So is any other SIMD, but that is only with SEVERE restrictions on the code flow. If I however want to start doing divergent code flows PER datum without re-convergence it won't work because is isn't actually doing anything but predicating results and running the same code on every datum. ie, independent implies independence which requires that each can do something entirely different with no convergence.
If the outcome from running code over every datum with divergent lanes predicated off is not different from a single step progression of as many independent threads, that alone wouldn't be enough to discount it.
In other words, I should be able to have one thread sitting in a polling wait loop without effecting the forward execution of any other thread. This is clearly something that current Nvidia hardware isn't capable of.
However, I would accept that these are not threads if there are certain operations defined for independent threads that fail in the SIMD case.
The mentioned sync restrictions would be a failure of the hardware to hide the implementation details from the nominaly independent instruction streams.
To work around this, the implementation possibly could do something like a round-robin switch between each divergent path to allow forward progress on each, though it doesn't seem that Nvidia has done this.
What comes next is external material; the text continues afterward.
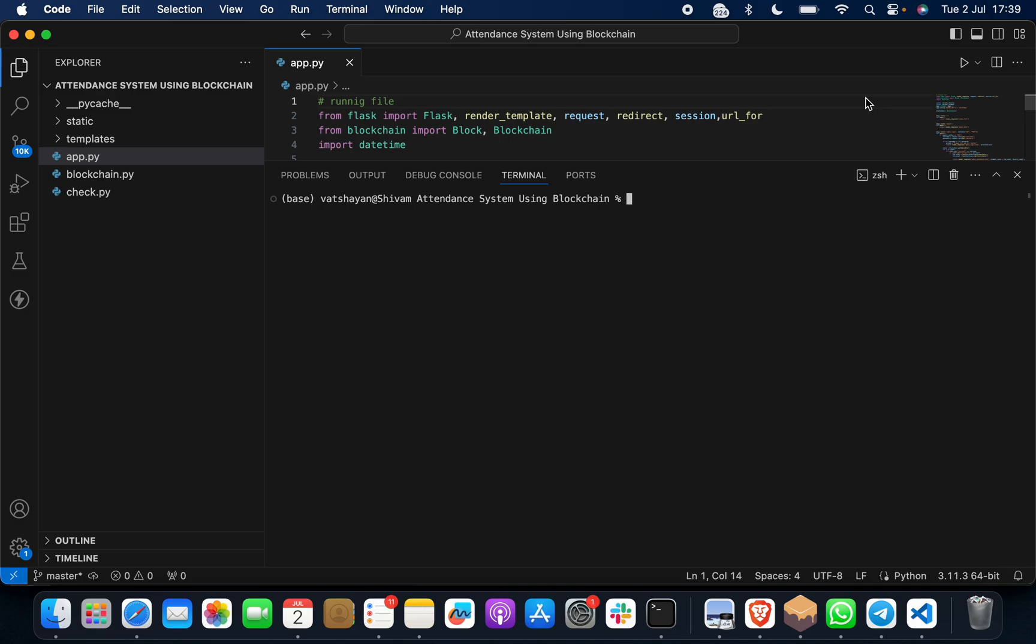Just give me two minutes. I will take you through this. I will show you the complete output and I will also tell you how we have made this.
Data pointers != instruction pointers. And once again, I highly doubt that different lanes will be executing different instructions.
Fermi has support for indirect branches. Depending on the sequence, we could see different lanes wandering off far afield.
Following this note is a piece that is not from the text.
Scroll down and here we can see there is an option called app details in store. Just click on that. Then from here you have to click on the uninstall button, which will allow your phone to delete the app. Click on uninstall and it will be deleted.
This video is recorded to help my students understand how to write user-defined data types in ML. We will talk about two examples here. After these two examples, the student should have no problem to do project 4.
That they can't exist in the same EX stage at the same instant is an implementation detail that is not necessarily software-visible.
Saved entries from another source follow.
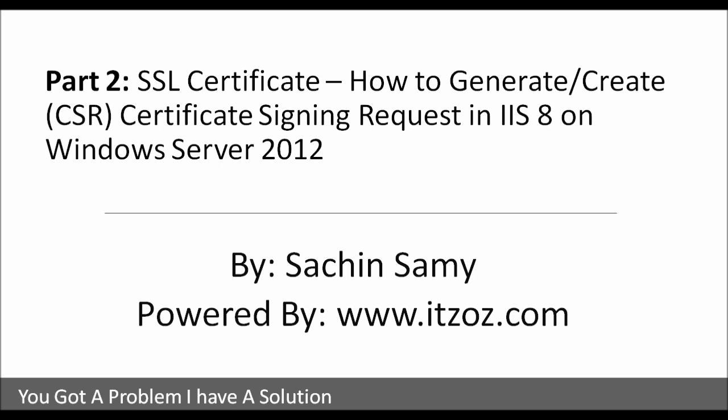Hello, in this video tutorial you are going to learn how to generate or create CSR Certificate Signing Request in IIS-8 on Windows Server 2012 by Sachin Samy powered by ITZOZ.com.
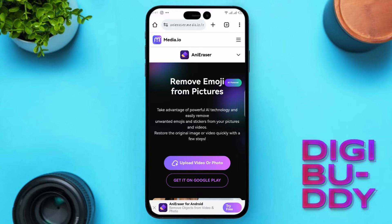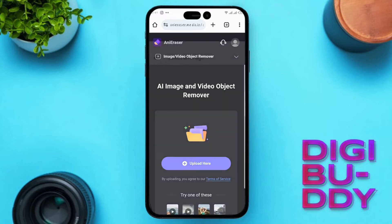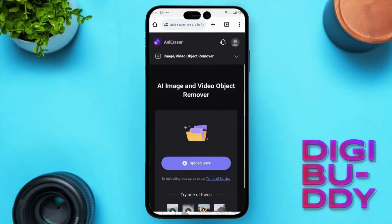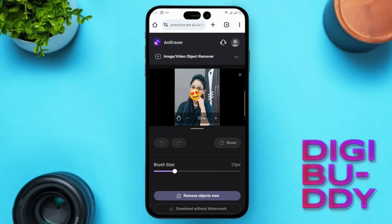Click on Upload Video or Photo and select Upload here. Navigate to your gallery and choose the photo from which you want to remove emojis. Wait a moment for the photo to upload and process.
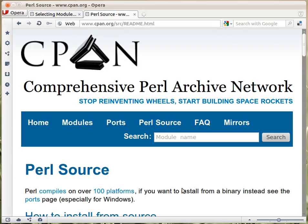This is the main website — CPAN.org — and this is CPAN basically. All the rest that we are going to see are various other sites that are using the same data from CPAN and providing you all kinds of interfaces.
no, you don't, not really.
I'm debating the version of the hardware Nvidia put forward to the public.
If it turns out that they lied, I will admit that the debate has little practical relevance, but that the points I am making with regards to a design following Nvidia's claims could do what I am discussing.
you mean a reg[X][LANE_INDEX_Y] isn't accessible by LANE[LAND_INDEX_Z]? Once again call the patent office.
I don't see why I'd need to. The concept of a thread is public domain.
There is a architecturally-defined software-visible state. Part of it is that each "thread" has certain private contexts other threads cannot access.
GPR1 for thread0 should not be subject to interference from thread1.
I don't need it to be patent-worthy to state that if the operand collectors and schedulers maintain this independence even if these contexts are stored in physical proximity, they are independent contexts.
SMT OOE processors that use RATs to point to some unique architectural register in a sea of physical registers do the same thing. As long as the external view is consistent, I do not see a problem.
Considering their compiler is explicitly generating the code, unless their is a need for it, I would doubt they'd allow per lane constants to be used out of lane. You seem to be under the impression this is hard.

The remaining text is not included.